Librarian of Harvard University
- In office 1898–1928
- Preceded by: Justin Winsor
- Succeeded by: Alfred Claghorn Potter

President of the American Library Association
- In office 1898–1899
- Preceded by: Herbert Putnam
- Succeeded by: Reuben Gold Thwaites

Personal details
- Born: July 29, 1859 Newtonville, Massachusetts, U.S.
- Died: March 18, 1931 (aged 71) Cambridge, Massachusetts, U.S.
- Alma mater: Harvard University
- Occupation: Librarian; author;

= William Coolidge Lane =

Librarian

William Coolidge Lane (July 29, 1859 – March 18, 1931) was an American librarian and historian. He served for over 45 years in the Harvard Library at Harvard University in Cambridge, Massachusetts.

==Early life and education==
Lane was born in Newtonville, Massachusetts to William Homer Lane and Caroline Coolidge Lane. His father was a descendant of Anne Hutchinson of the Massachusetts Bay Colony, and his mother was a descendant of John Coolidge of Watertown, Massachusetts, and John Alden and Priscilla Alden of the Plymouth Colony.

Lane entered Harvard University as a student in 1877, moving with his mother to Cambridge, Massachusetts. He was a member of Phi Beta Kappa and graduated in 1881. Upon his retirement in 1928, Lane was awarded an honorary A.M. by Harvard.

In 1903, Lane married Bertha Palmer, and they had two daughters, Margaret Lane and Rosamond Lane. Margaret became a librarian in the public schools in Poughkeepsie, New York, and Rosamond married Milton E. Lord, a Harvard University graduate of 1919, Director of the Boston Public Library, and president of the American Library Association. Lane died of a heart attack at his home in Cambridge on March 18, 1931.

==Career==
===Harvard University===
Upon graduation from Harvard University in 1881, Lane began working in the Ordering Department at the Harvard College Library, located in Gore Hall. In 1882, he was made Superintendent of the Cataloging Department, in 1884 he was named Assistant in charge of the Harvard College Library's catalog, and in 1887 he was appointed Assistant Librarian under Librarian Justin Winsor. In 1893 Lane left the Harvard College Library to serve as Librarian of the Boston Athenaeum, but he was called back to Harvard after Justin Winsor's death in 1897, and named Librarian at Harvard in 1898.

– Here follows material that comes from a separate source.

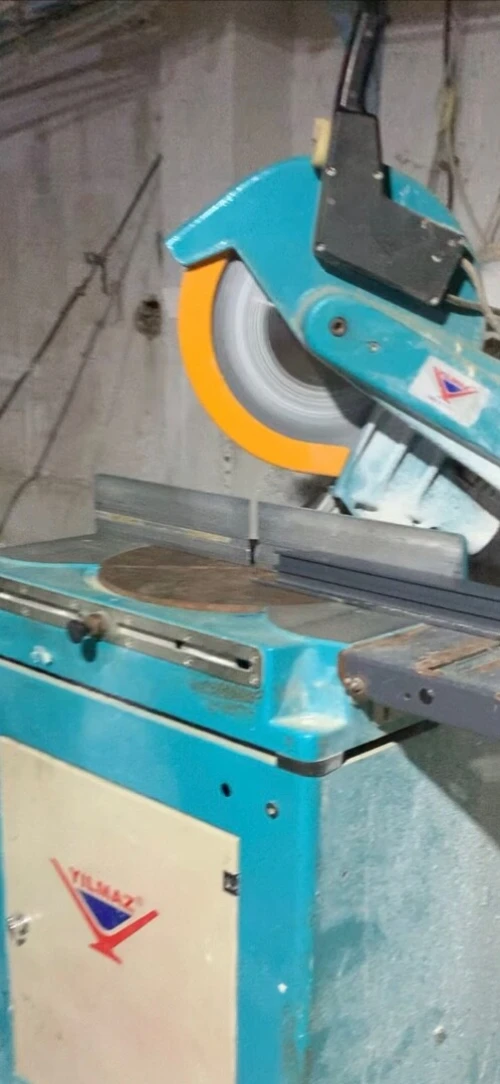 Tronconneuse a table Yelmaz 350d / compresseur 300 L 380v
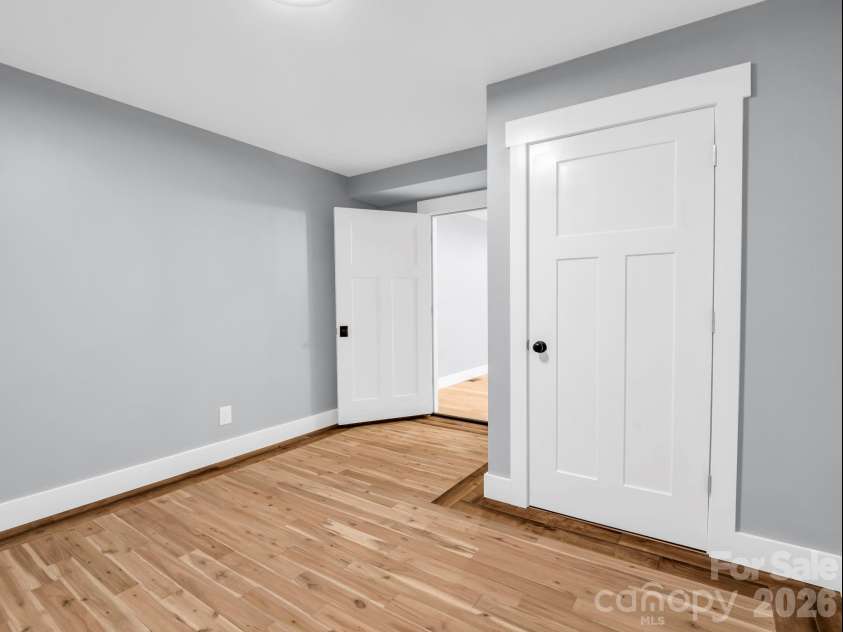 38 Scenic View Drive, Hendersonville, NC 28792.  MLS# CAR4357881, YatesRealty ID 10755. Bonus Room on Lower Level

As Librarian at Harvard, Lane grew the number of volumes in the Library from 200,000 to nearly 2,500,000, and refined Harvard's cataloging and classification systems. Lane also oversaw the physical transfer of the entire Library from Gore Hall to the Harry Elkins Widener Memorial Library, opened in 1915, and assisted in the planning and furnishing of the building.

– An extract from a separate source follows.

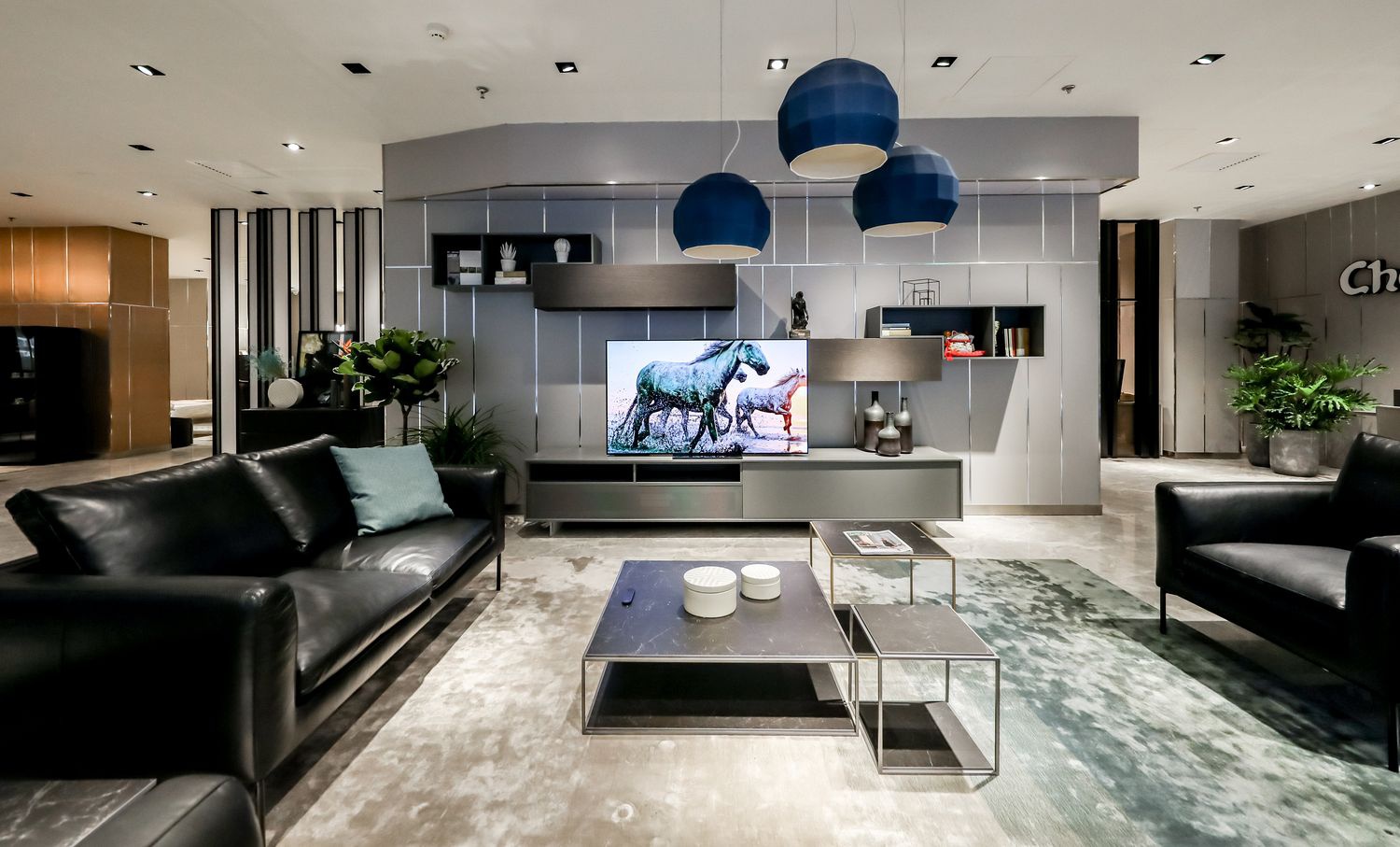 4K OLED屏开启AI智慧之眼！华为智慧屏 X65盛大发布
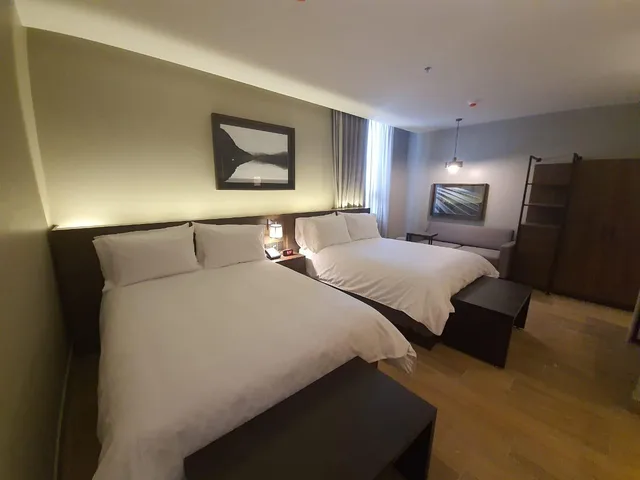 غرفة، Staybridge Suites Guadalajara Novena 1/5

Lane retired in 1928 and was named Librarian Emeritus. Upon his death in 1931, Harvard President Lowell said of him, "[Lane] was a librarian of Harvard for 30 years, to whom scholars are grateful for the accessibility of its vast collections."

===Professional activities===
In his professional life, Lane served as president of the American Library Association from 1898 to 1899. Prior to his term as president, Lane served as secretary and treasurer for fourteen years and also served as chairman of its publishing board. He was also a charter member of the Massachusetts Library Club, and served as president for the term 1891–92.

He was president of the Bibliographical Society of America from 1904 to 1909. Lane was also a charter member of the Cambridge Historical Society, and a member of the New England College Librarians, the American Academy of Arts and Sciences, the Massachusetts Historical Society, and the Dante Society, among others.

Lane was also active on a number of committees at Harvard, and was especially instrumental in promoting the Memorial Society for Harvard men in World War I. He was active in the Union and the Alumni Signet Society, and was a respected scholar of Harvard history. From 1887 to 1891, he was also a lecturer at the Columbia College School of Library Economy.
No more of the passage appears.